Tanaka Hidetatsu, Yamako Go, Kurishima Hiroaki, Yamashita Shutaro, Mori Yu, Chiba Daisuke, Chosa Etsuo, Itoi Eiji
Department of Orthopaedic Surgery, Tohoku University Graduate School of Medicine, 1-1 Seiryo-machi, Aoba-ku, Sendai, 980-8574, Japan.
Department of Mechanical Design Systems, Faculty of Engineering, University of Miyazaki, Miyazaki, 889-2192, Japan.
J Orthop Sci. 2018 Sep;23(5):825-833. doi: 10.1016/j.jos.2018.04.005. Epub 2018 Jun 14.
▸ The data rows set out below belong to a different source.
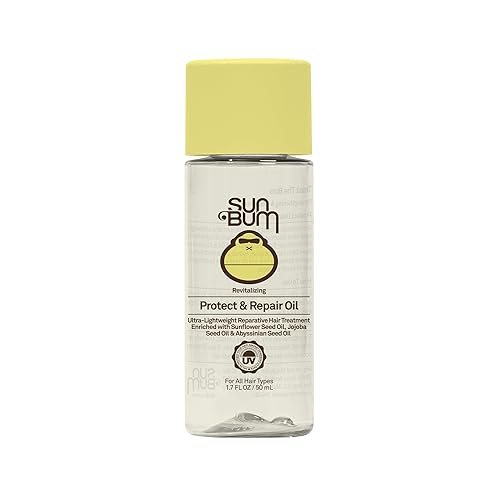 Sun Bum Revitalizing Protect and Repair Hair Oil - Light-weight Hair Care Treatment - Strengthen and Hydrates - UV Protection against Heat Damage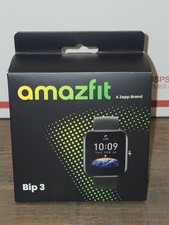 New Amazfit Bip 3 A2172 Black 1.69" Large Color Display Bluetooth Smartwatch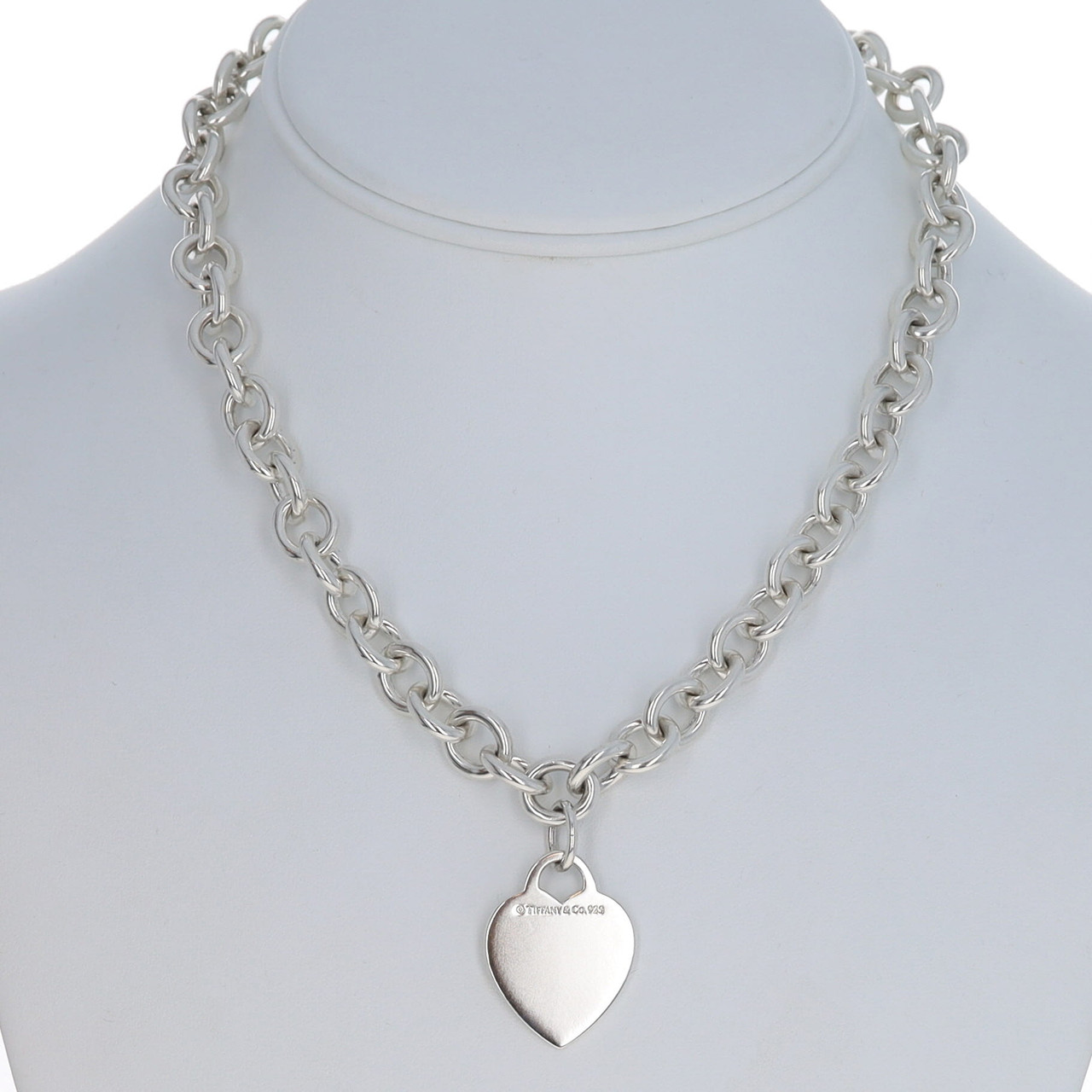 Tiffany & Co. Return to Tiffany Heart Necklace 15 1/2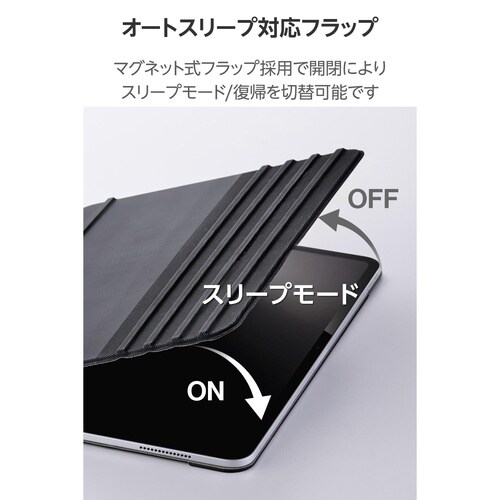 iPadProケース M4 ドローイング ブラック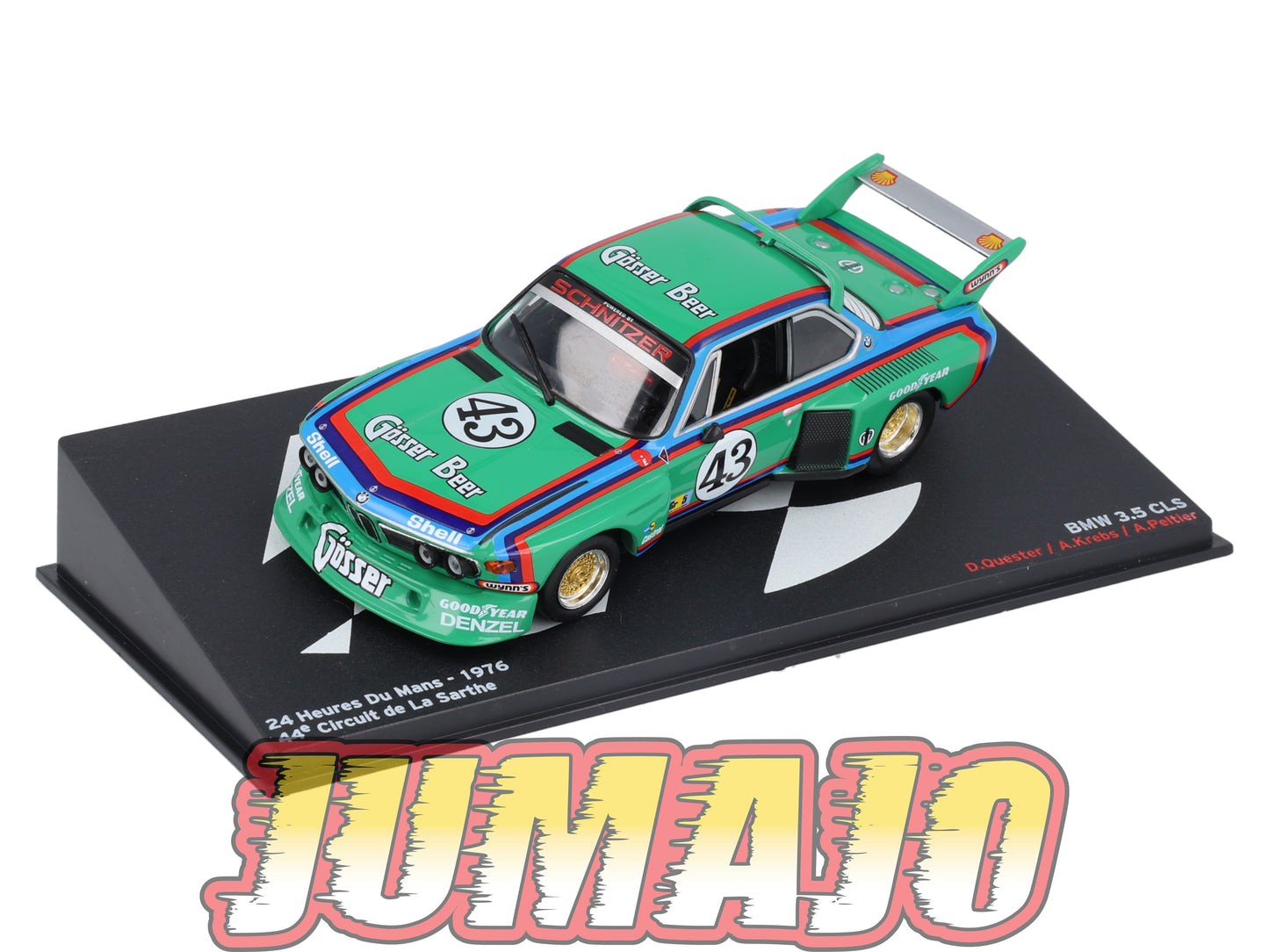 PVI35 1/43 IXO Altaya 24H Du mans La Sarthe BMW 3.5 CLS D.Quester 1976 #43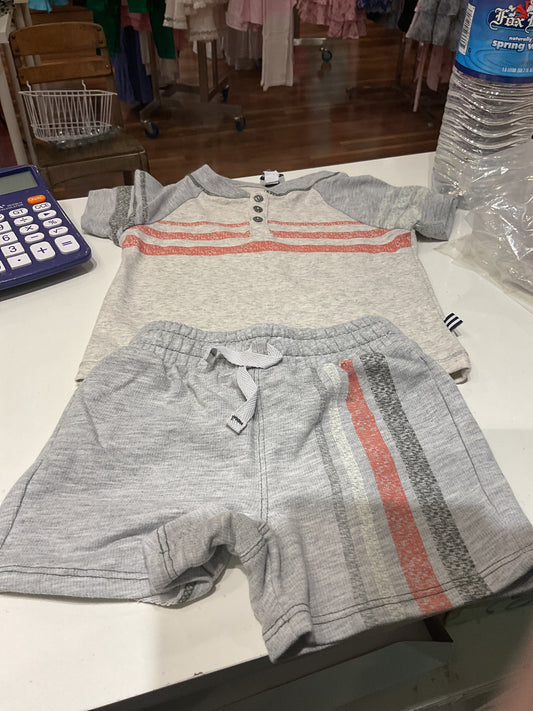 Splendid 2pc grey short set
Supra-acetabular insufficiency fractures (SAIFs) occur in the upper acetabulum and are rare compared with insufficiency sacral, femoral head, or ischial fractures. However, SAIFs are known to occur in low grade trauma, and the underlying mechanism is still remained unclear.
We performed biomechanical analysis using finite element analysis to clarify the mechanisms underlying the development of SAIFs. Patient-specific models and bone mineral density (BMD) were derived from pelvic computed tomography data from two patients with SAIF (unaffected side) and two healthy young adults. The bone was assumed to be an isotropic, linearly elastic body. We assigned Young's modulus of each element to the pelvis based on the BMD, and reported the relationships for BMD-modulus. Clinically relevant loading conditions-walking and climbing stairs-were applied to the models. We compared the region of failure risk in each acetabulum using a maximum principal strain criterion.
The average supra-acetabular BMD was less than that of the hemi-pelvis and femoral head, but was higher than that of the femoral neck and greater trochanter. Greater minimum principal strain was concentrated in the supra-acetabular portion in both the SAIF and healthy models. In the SAIF models, the higher region of the failure risk matched the fracture site on the acetabulum.
Relative fragility causes compressive strain to concentrate in the upper acetabulum when walking and climbing stairs. When presented with a patient complaining of hip pain without apparent trauma or abnormal X-ray findings, physicians should consider the possibility of SAIF and perform magnetic resonance imaging for the diagnosis of SAIF.
髋臼上缘不全骨折(SAIFs)发生于髋臼上部,与骶骨、股骨头或坐骨的不全骨折相比较为罕见。然而,已知SAIFs可发生于低级别创伤,但其潜在机制仍不清楚。
我们使用有限元分析进行生物力学分析,以阐明SAIFs发生发展的机制。根据两名SAIF患者(未受影响侧)和两名健康年轻成年人的骨盆计算机断层扫描数据,建立了患者特异性模型并得出骨密度(BMD)。假定骨骼为各向同性的线弹性体。我们根据BMD为骨盆各单元指定杨氏模量,并报告了BMD与模量之间的关系。将临床相关的负荷条件——行走和爬楼梯——应用于模型。我们使用最大主应变标准比较了每个髋臼的失效风险区域。
髋臼上缘的平均BMD低于半骨盆和股骨头,但高于股骨颈和大转子。在SAIF模型和健康模型中,更大的最小主应变均集中在髋臼上缘部分。在SAIF模型中,较高的失效风险区域与髋臼骨折部位相符。
相对脆弱性导致在行走和爬楼梯时压缩应变集中在髋臼上部。当遇到主诉髋部疼痛但无明显创伤或X线检查结果异常的患者时,医生应考虑SAIF的可能性,并进行磁共振成像以诊断SAIF。